On the other hand, when tech giant Apple was criticized by pop artist Taylor Swift for not paying artists during Apple Music's free trial period, Apple demonstrated a textbook PR maneuver. Instead of playing the blame game, Apple apologized to Taylor Swift and other artists on Twitter instantly, assuring payment during free trial periods as well. Apple thus ensured that a potential PR minefield was turned into positive publicity as Taylor Swift even starred in an Apple commercial later.
When your brand’s seriously hurt, you don’t wait until it is hospitalized for recovery. You apply first aid immediately. Take the case of US Airlines where the company replied to a consumer image with a pornographic image. The company acknowledged the mistake, immediately penalized or suspended the Twitter handlers, and ensured that the consumer complaint was handled in a jiffy to limit any potential afterburn.

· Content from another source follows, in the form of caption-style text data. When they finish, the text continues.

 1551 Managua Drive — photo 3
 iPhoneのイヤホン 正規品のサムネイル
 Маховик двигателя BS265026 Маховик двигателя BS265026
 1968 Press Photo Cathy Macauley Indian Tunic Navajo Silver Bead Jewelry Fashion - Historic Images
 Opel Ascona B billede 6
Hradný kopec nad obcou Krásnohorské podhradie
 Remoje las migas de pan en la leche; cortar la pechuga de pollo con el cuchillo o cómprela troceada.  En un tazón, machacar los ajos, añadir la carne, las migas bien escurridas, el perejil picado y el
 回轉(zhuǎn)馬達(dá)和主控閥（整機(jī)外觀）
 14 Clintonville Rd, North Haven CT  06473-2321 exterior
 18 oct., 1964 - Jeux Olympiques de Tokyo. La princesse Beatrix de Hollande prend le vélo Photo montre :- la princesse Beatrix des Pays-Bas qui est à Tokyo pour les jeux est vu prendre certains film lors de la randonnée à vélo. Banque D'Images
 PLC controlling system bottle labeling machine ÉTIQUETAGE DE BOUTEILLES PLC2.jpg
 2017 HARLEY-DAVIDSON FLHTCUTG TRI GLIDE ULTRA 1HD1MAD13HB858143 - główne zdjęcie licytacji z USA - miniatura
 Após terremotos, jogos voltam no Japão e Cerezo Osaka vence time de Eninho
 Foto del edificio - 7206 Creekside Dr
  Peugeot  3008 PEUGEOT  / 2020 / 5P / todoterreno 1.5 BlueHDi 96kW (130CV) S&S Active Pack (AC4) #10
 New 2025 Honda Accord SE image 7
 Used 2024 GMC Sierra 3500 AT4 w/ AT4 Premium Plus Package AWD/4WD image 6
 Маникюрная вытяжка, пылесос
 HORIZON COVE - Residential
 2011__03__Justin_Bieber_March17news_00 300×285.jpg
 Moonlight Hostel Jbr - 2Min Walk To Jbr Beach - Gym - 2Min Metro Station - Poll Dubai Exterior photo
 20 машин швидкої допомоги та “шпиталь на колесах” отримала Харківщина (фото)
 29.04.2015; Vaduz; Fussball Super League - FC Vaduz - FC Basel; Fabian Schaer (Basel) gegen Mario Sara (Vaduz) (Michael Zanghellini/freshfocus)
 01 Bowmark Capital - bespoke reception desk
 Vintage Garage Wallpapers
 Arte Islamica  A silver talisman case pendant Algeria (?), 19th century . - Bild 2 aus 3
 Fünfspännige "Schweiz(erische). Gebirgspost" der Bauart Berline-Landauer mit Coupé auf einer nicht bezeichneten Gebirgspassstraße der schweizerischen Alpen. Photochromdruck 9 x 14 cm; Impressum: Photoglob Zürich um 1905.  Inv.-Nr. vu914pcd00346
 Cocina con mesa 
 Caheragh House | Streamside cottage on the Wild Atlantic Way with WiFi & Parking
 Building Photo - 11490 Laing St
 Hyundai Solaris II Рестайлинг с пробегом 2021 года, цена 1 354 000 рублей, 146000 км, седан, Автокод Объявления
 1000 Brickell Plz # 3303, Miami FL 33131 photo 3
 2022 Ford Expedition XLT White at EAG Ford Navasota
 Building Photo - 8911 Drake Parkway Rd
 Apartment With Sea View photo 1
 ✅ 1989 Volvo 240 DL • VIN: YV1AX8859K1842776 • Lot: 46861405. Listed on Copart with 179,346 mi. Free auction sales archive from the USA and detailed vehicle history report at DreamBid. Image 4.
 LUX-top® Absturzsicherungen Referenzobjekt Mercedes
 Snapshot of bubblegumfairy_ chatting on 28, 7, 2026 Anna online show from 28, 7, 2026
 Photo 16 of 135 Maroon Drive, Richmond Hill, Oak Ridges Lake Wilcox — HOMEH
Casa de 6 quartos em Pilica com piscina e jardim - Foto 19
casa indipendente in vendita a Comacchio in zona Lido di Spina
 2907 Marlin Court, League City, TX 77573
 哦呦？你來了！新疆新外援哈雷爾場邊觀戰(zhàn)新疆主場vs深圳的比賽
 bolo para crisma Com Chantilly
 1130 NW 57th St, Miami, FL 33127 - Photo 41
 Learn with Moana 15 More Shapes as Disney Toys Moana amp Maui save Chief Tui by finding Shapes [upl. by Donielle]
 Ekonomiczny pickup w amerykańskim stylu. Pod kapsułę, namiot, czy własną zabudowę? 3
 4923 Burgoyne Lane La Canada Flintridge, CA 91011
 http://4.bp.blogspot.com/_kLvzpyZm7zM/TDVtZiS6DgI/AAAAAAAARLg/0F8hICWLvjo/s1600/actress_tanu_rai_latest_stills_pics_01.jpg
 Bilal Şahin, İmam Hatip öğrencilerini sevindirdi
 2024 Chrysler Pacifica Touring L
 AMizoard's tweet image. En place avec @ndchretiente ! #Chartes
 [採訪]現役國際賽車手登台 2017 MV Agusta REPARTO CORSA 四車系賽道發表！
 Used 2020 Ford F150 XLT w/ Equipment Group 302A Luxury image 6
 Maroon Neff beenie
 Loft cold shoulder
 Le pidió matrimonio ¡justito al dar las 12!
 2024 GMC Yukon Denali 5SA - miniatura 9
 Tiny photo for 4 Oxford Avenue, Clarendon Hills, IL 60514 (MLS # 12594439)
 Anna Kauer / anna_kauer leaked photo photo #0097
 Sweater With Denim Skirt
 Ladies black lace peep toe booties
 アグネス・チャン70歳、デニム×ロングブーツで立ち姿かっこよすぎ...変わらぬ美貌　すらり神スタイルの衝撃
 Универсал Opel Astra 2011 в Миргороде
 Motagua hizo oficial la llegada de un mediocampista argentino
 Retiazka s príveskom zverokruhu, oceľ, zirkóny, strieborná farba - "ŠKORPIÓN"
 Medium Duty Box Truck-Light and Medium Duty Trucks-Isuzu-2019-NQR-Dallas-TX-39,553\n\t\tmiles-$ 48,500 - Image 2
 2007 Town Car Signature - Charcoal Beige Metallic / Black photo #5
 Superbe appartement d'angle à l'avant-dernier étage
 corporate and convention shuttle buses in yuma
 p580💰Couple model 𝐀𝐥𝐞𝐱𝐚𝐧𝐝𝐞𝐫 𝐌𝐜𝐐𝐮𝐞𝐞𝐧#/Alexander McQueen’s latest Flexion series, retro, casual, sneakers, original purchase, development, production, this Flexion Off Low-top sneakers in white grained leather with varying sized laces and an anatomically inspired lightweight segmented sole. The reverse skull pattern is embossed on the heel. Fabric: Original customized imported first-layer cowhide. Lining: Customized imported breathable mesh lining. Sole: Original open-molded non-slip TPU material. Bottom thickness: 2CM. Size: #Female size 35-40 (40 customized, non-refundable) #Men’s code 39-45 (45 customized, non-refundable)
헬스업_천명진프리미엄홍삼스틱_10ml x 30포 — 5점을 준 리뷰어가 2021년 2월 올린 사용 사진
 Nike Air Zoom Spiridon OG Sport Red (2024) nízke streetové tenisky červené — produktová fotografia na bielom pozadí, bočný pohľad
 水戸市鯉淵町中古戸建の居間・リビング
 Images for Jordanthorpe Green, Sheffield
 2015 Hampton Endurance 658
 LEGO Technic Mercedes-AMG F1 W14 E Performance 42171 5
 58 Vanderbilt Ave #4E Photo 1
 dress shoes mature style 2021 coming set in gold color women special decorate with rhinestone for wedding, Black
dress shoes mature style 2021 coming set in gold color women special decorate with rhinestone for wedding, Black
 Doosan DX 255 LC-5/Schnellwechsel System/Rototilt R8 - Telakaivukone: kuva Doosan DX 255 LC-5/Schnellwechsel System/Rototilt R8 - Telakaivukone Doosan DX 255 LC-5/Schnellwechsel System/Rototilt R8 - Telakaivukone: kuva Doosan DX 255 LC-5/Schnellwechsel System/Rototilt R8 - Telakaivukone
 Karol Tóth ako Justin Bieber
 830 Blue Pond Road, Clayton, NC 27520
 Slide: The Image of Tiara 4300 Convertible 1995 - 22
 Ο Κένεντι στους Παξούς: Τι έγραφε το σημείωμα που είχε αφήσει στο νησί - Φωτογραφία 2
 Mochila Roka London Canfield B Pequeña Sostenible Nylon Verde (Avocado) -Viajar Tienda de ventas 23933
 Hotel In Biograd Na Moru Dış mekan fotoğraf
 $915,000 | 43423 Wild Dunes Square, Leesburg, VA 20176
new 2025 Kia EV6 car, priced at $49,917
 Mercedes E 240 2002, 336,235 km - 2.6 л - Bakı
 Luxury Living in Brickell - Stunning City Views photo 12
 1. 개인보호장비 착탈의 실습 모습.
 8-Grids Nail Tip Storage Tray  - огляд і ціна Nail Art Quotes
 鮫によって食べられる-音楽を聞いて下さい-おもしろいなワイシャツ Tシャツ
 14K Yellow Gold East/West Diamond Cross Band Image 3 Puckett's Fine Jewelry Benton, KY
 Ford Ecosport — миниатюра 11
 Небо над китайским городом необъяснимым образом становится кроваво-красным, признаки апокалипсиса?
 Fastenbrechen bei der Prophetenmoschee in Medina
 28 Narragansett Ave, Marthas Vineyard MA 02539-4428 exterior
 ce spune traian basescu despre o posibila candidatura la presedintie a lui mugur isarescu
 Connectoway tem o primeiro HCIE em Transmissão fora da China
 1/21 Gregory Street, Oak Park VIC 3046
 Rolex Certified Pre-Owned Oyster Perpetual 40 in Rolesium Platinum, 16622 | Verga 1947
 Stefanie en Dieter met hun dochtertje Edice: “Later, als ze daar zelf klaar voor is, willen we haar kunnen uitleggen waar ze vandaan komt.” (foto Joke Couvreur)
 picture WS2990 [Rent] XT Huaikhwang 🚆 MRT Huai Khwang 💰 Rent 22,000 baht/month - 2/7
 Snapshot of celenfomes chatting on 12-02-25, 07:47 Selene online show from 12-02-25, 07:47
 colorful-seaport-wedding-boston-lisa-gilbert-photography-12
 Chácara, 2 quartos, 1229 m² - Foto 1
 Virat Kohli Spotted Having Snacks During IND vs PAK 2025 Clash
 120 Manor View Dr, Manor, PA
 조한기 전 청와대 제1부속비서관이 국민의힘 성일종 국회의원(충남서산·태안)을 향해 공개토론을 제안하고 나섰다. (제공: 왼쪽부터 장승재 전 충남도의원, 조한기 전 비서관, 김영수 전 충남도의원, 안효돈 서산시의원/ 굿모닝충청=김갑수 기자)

Your job as the brand owner is not done with amending the situation. Your stakeholders and customers need to know that amends have been done or are being done. Look no further than the earlier example of Apple to see how the brand took the sweet talking up by an extra notch or two.
Listening to consumers and respecting their feedback can be a simple but effective mechanism to overturn any negative publicity. For example, when popular beverage brand Coca-Cola launched its new flavored drink named ‘New Coke’, it received a barrage of letters and phone calls from consumers against the change. Taking the feedback seriously, Coca-Cola changed the drink back to its original flavor, interrupting a popular TV show to make the announcement. Addressing feedback creates an image of humility and credibility.
Once the negative headlines die down, the real work of PR and brand managers begins. It includes taking proactive steps to ensure such gaffes don’t recur in the future and establishing PR protocols for all stakeholders in the brand.
A negative image can dent a business irrespective of its size or brand image. Protect your brand and extend its shelf life by implementing the best practices above.